The process in which heavy nucleus is broken into tiny nuclei, is called as nuclear fission. On the other extreme, nuclear fusion is defined as the reaction wherein lighter atoms come together and form a heavy nucleus.
With the rapid industrialisation, our demand for energy is increasing in the same ratio, because of the change in the way we live and do our work, as we are greatly dependent on machines to do our work, which consumes energy. It implies the strength and power that we require to perform the physical or mental activity. It comes in various forms and is capable of being converted from one form to another.

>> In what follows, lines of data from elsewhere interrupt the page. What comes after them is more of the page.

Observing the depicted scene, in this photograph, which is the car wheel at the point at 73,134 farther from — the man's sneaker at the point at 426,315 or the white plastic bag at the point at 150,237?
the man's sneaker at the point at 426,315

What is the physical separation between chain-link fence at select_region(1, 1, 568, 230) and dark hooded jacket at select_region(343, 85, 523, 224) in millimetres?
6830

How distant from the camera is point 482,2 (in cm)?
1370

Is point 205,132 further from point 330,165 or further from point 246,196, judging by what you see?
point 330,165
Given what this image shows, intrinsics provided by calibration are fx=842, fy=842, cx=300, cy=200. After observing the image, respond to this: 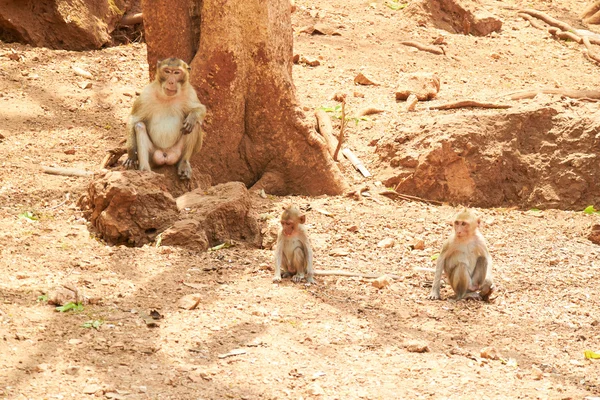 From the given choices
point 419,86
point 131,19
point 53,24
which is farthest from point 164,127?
point 131,19

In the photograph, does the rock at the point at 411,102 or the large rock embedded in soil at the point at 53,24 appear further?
the large rock embedded in soil at the point at 53,24

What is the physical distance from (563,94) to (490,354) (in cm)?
782

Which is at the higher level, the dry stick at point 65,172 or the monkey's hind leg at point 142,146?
the monkey's hind leg at point 142,146

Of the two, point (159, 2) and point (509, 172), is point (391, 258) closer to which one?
point (509, 172)

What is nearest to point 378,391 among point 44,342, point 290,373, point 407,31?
point 290,373

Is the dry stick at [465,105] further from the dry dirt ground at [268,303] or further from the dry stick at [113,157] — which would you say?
the dry stick at [113,157]

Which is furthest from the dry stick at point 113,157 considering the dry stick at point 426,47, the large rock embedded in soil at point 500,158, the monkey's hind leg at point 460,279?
the dry stick at point 426,47

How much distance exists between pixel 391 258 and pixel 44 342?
4.04m

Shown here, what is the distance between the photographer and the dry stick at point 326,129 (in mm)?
11521

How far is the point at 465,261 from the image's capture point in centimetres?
798

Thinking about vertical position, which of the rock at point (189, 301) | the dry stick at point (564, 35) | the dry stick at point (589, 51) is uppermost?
the dry stick at point (564, 35)

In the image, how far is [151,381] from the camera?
5488mm

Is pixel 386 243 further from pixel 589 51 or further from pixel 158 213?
pixel 589 51

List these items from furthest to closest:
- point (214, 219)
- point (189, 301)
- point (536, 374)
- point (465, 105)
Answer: point (465, 105), point (214, 219), point (189, 301), point (536, 374) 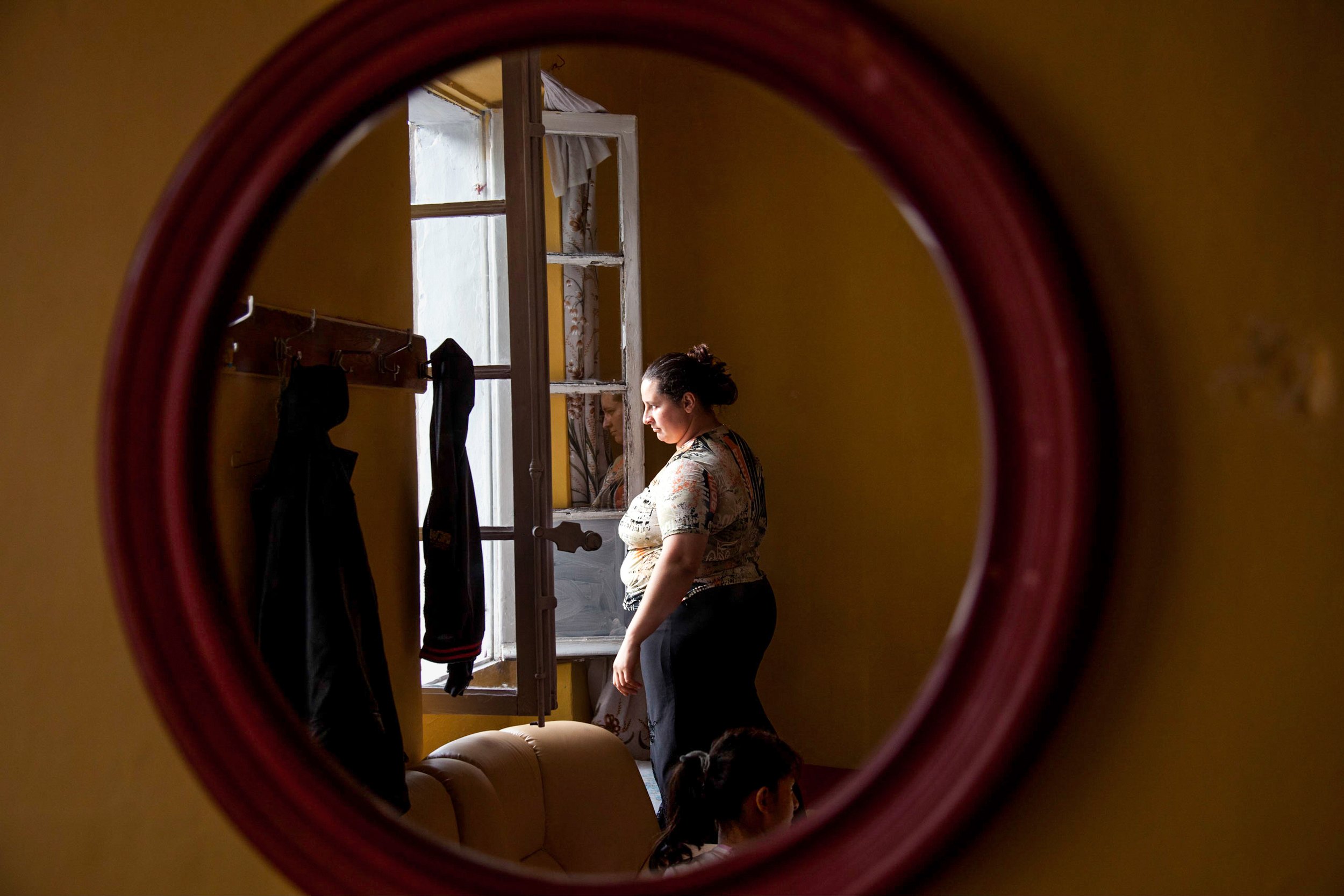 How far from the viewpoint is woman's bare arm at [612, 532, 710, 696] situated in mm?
850

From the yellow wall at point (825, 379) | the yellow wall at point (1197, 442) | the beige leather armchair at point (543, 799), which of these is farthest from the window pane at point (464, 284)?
the yellow wall at point (1197, 442)

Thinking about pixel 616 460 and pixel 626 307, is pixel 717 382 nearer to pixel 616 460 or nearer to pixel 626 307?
pixel 626 307

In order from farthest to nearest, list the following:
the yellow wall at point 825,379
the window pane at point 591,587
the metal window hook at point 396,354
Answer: the window pane at point 591,587, the metal window hook at point 396,354, the yellow wall at point 825,379

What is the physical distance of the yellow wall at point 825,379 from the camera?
66cm

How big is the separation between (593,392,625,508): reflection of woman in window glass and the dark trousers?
19cm

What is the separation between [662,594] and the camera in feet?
2.86

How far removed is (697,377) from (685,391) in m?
0.02

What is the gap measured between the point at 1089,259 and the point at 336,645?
71 centimetres

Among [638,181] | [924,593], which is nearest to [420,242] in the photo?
[638,181]

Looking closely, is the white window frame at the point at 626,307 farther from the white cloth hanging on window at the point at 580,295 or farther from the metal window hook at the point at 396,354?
the metal window hook at the point at 396,354

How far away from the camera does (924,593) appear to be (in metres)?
0.66

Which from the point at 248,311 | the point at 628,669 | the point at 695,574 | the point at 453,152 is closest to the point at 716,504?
the point at 695,574

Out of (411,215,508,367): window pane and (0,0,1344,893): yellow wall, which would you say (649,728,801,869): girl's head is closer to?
(0,0,1344,893): yellow wall

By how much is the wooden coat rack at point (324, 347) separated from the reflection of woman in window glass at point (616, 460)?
0.21 m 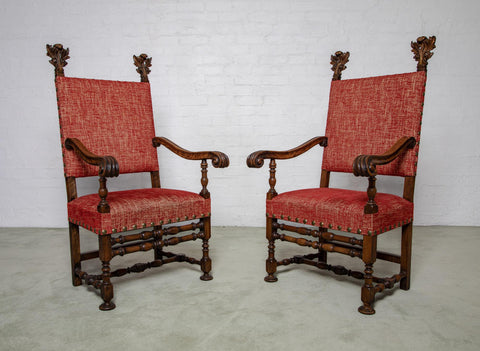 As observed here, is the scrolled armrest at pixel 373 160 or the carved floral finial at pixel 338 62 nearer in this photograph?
the scrolled armrest at pixel 373 160

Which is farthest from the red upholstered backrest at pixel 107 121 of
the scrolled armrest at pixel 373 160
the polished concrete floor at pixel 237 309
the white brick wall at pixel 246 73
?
the scrolled armrest at pixel 373 160

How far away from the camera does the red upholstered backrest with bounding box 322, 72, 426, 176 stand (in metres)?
2.14

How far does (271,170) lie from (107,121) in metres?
1.03

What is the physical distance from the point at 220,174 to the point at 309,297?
5.93ft

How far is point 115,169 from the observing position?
5.99ft

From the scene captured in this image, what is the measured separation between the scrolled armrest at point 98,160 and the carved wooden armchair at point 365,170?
0.71 meters

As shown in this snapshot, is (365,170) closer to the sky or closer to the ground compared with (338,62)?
closer to the ground

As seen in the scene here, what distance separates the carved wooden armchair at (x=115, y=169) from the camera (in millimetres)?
1959

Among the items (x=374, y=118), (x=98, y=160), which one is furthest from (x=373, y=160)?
(x=98, y=160)

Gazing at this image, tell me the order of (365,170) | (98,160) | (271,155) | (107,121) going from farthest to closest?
1. (107,121)
2. (271,155)
3. (98,160)
4. (365,170)

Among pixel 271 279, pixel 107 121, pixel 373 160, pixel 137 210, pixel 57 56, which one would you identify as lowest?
pixel 271 279

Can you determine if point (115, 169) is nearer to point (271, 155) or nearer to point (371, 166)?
point (271, 155)

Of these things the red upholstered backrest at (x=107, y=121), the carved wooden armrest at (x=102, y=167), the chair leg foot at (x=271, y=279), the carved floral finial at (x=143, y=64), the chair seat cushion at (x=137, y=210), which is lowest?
the chair leg foot at (x=271, y=279)

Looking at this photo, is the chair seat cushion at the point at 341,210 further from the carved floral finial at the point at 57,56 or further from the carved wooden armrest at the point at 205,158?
the carved floral finial at the point at 57,56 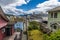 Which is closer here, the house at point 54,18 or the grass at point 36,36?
the grass at point 36,36

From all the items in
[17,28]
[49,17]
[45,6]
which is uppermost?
[45,6]

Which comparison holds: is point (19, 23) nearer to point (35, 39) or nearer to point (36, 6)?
A: point (36, 6)

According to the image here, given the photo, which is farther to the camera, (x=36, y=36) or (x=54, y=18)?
(x=54, y=18)

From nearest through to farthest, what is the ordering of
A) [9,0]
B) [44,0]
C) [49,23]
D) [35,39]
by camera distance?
[35,39] < [49,23] < [44,0] < [9,0]

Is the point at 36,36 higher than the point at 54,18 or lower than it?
lower

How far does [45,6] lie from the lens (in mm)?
10438

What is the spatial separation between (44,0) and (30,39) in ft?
15.2

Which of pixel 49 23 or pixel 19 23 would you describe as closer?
pixel 49 23

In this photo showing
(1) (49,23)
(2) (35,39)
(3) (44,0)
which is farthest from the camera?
(3) (44,0)

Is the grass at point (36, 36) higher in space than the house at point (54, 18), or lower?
lower

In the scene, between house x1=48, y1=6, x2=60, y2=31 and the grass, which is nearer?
the grass

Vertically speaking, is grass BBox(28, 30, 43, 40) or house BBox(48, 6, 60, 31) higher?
house BBox(48, 6, 60, 31)

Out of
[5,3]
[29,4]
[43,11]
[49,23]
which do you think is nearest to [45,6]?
[43,11]

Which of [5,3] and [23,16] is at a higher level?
[5,3] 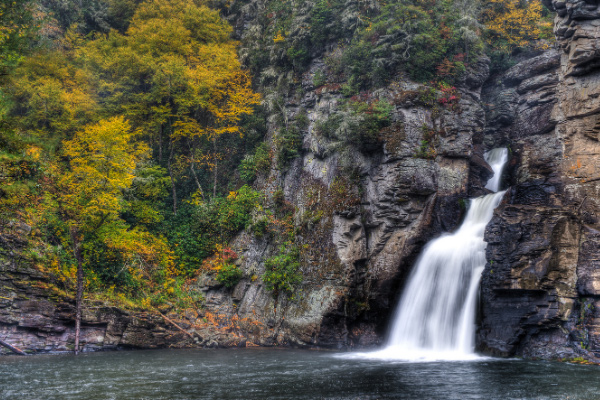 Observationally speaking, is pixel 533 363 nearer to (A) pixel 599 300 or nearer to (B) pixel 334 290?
(A) pixel 599 300

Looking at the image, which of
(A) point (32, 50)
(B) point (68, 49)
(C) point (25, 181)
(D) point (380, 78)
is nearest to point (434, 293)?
(D) point (380, 78)

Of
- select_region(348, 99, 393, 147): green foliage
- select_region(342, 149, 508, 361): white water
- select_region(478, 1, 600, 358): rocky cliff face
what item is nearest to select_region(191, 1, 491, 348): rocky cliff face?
select_region(348, 99, 393, 147): green foliage

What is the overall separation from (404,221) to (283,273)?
559cm

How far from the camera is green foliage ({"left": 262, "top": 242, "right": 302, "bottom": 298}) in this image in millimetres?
18500

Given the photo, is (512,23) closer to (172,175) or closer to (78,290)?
(172,175)

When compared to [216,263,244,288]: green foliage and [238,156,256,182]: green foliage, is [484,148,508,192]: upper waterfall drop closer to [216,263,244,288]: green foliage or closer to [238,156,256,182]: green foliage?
[238,156,256,182]: green foliage

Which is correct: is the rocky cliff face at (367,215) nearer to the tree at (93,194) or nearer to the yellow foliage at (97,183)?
the tree at (93,194)

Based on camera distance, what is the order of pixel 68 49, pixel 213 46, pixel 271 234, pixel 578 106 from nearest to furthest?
1. pixel 578 106
2. pixel 271 234
3. pixel 213 46
4. pixel 68 49

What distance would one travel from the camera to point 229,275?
1980cm

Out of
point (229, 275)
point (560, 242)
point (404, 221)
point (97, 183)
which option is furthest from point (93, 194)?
point (560, 242)

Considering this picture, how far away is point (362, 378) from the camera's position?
33.6 ft

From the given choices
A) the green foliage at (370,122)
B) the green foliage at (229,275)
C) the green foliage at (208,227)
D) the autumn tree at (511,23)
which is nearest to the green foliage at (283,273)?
the green foliage at (229,275)

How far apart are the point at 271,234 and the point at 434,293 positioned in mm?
8361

We get energy from various conventional and non-conventional sources, which include solar energy, wind energy, tidal energy, geothermal energy and nuclear energy. Out of these energy sources, nuclear energy gives million times larger energy than the other sources. It liberates energy during nuclear fission and nuclear fusion reactions. These two reactions are often understood together, which most people juxtapose, but the difference between nuclear fission and nuclear fusion lies in their occurrence, temperature, the energy required or produced.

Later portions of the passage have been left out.